A l’audience du 16 mars 2026, la demanderesse maintient ses demandes dans les termes de son assignation.
Les défendeurs, cités par procès-verbal de recherches dressé conformément à l’article 659 du code de procédure civile, n’ont pas constitué avocat ni comparu.
Conformément aux dispositions des articles 455 et 446-1 du code de procédure civile, il est renvoyé à l’acte introductif d’instance pour un plus ample exposé des faits, de la procédure et des moyens.
L’affaire a été mise en délibéré au 4 mai 2026, date de la présente ordonnance.
MOTIFS
Il résulte de l’article 472 du code de procédure civile que, lorsque le défendeur ne comparaît pas, il est néanmoins statué sur le fond et le juge ne fait droit à la demande que si elle est recevable et bien fondée.
A titre liminaire, il est rappelé que le contentieux de l’occupation du domaine public routier relève de la compétence des juridictions judiciaires en application de l’article L.116-1 du code de la voirie routière.
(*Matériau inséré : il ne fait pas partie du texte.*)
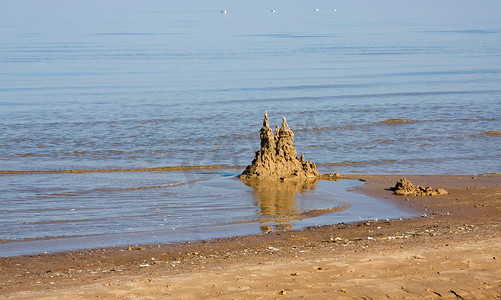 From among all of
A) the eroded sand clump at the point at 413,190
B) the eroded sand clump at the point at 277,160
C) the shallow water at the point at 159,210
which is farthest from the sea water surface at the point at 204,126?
the eroded sand clump at the point at 413,190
Sur la demande d’expulsion des occupants sans droit ni titre
Selon l’article 835 du code de procédure civile, le président du tribunal judiciaire peut toujours, même en présence d’une contestation sérieuse, prescrire en référé les mesures conservatoires ou de remise en état qui s’imposent, soit pour prévenir un dommage imminent, soit pour faire cesser un trouble manifestement illicite.
L’occupation sans droit ni titre de la propriété d’autrui constitue un trouble manifestement illicite qu’il appartient au juge des référés de faire cesser.
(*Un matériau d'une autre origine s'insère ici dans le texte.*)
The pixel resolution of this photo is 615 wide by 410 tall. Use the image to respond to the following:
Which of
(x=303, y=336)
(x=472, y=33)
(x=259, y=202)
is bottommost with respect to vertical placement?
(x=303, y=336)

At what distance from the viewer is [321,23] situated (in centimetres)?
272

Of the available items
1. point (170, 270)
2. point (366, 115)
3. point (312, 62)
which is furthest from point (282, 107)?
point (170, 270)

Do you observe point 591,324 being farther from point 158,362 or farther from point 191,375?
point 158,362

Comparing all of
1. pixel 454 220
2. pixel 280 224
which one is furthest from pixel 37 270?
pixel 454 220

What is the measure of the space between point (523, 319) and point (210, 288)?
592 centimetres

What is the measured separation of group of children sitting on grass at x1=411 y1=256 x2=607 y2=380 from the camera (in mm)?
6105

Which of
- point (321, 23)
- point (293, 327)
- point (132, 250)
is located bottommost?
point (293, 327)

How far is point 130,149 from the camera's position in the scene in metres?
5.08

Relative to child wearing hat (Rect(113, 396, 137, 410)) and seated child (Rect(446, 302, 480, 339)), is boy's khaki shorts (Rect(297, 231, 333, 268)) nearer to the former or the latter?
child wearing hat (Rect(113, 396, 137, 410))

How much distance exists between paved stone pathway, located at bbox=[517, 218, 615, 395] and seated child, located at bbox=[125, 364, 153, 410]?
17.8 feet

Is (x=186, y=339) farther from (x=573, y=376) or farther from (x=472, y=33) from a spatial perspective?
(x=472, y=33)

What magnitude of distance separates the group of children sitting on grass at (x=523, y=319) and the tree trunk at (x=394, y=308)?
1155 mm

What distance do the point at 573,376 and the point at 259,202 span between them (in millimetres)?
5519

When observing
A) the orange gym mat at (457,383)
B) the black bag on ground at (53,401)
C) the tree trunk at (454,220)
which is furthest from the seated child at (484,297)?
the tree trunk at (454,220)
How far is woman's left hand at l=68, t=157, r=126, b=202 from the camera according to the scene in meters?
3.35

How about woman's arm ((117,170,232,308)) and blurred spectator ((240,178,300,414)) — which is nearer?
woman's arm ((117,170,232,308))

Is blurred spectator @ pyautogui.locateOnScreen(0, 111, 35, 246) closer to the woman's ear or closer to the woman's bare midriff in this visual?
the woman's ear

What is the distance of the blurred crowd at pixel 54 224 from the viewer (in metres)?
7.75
Au cas présent, il ressort du constat d’ occupation illicite établi par la direction de la police municipale et de la prévention de la mairie de [Localité 1] le 15 juin 2024 ainsi que du procès-verbal du constat du 16 juillet 2025 qu’un campement a été installé sur un trottoir de service du tunnel de [Localité 3], au niveau du [Adresse 3] à [Localité 4], constitué d’une quarantaine de tentes et de couchages avec la présence d’encombrants et mobiliers de récupération entre chaque tente (chaises, bidons, tables), faitouts, ustensiles de cuisine, de supports qui pourraient faire penser à l’utilisation de feux de cuisine, de détritus, vêtements sales et déchets alimentaires générant la présence de nuisibles, outre l’ouverture sans autorisation des vannes régulant les conduites d’eau et provoquant le renversement d’eau sur la chaussée.
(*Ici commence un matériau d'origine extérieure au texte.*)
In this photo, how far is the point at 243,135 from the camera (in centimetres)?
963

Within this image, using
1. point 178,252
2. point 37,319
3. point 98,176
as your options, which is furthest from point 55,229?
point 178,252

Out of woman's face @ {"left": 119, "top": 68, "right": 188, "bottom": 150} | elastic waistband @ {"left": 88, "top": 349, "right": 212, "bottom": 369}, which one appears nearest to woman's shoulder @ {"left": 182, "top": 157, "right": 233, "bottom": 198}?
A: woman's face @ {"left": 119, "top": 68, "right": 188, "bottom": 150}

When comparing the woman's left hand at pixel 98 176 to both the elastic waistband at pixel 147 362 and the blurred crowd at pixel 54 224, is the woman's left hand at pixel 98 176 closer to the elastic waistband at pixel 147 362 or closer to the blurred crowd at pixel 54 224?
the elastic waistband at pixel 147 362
Le 17 juillet 2025, Maître, [D] [S], commissaire de justice, a relevé l’identité des occupants, M. [R] [W], M. [Y] [A], M. [U] [G], M. [V] [E], M. [P] [N], M. [F] [H].
Ainsi que l’expose la ville de [Localité 1] ce campement sur un trottoir de service du tunnel de [Localité 3] au niveau du [Adresse 3] à [Localité 4], à proximité immédiate avec la chaussée carrossable, expose ses occupants à des problèmes d’insalubrité en raison des déchets alimentaires présents et de l’absence de sanitaires et d’insécurité.
Le trouble manifestement illicite et le dommage imminent sont donc caractérisés, justifiant la mesure d’expulsion.
Sur l’absence d’application des délais prévus par l’article L.412-1 du code des procédures civiles d’exécution sollicitée par la ville de [Localité 1]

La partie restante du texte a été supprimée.